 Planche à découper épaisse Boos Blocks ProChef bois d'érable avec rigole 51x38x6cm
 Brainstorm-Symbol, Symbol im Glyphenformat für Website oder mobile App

——————————

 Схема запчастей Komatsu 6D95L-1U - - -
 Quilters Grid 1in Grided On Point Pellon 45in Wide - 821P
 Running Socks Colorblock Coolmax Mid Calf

——————————

### Action item
From the records above, repeat exactly the lines from the one with "Planche à découper" through the one with "Brainstorm-Symbol, Symbol im", both included.

### Response to the exercise
 Planche à découper épaisse Boos Blocks ProChef bois d'érable avec rigole 51x38x6cm
 Brainstorm-Symbol, Symbol im Glyphenformat für Website oder mobile App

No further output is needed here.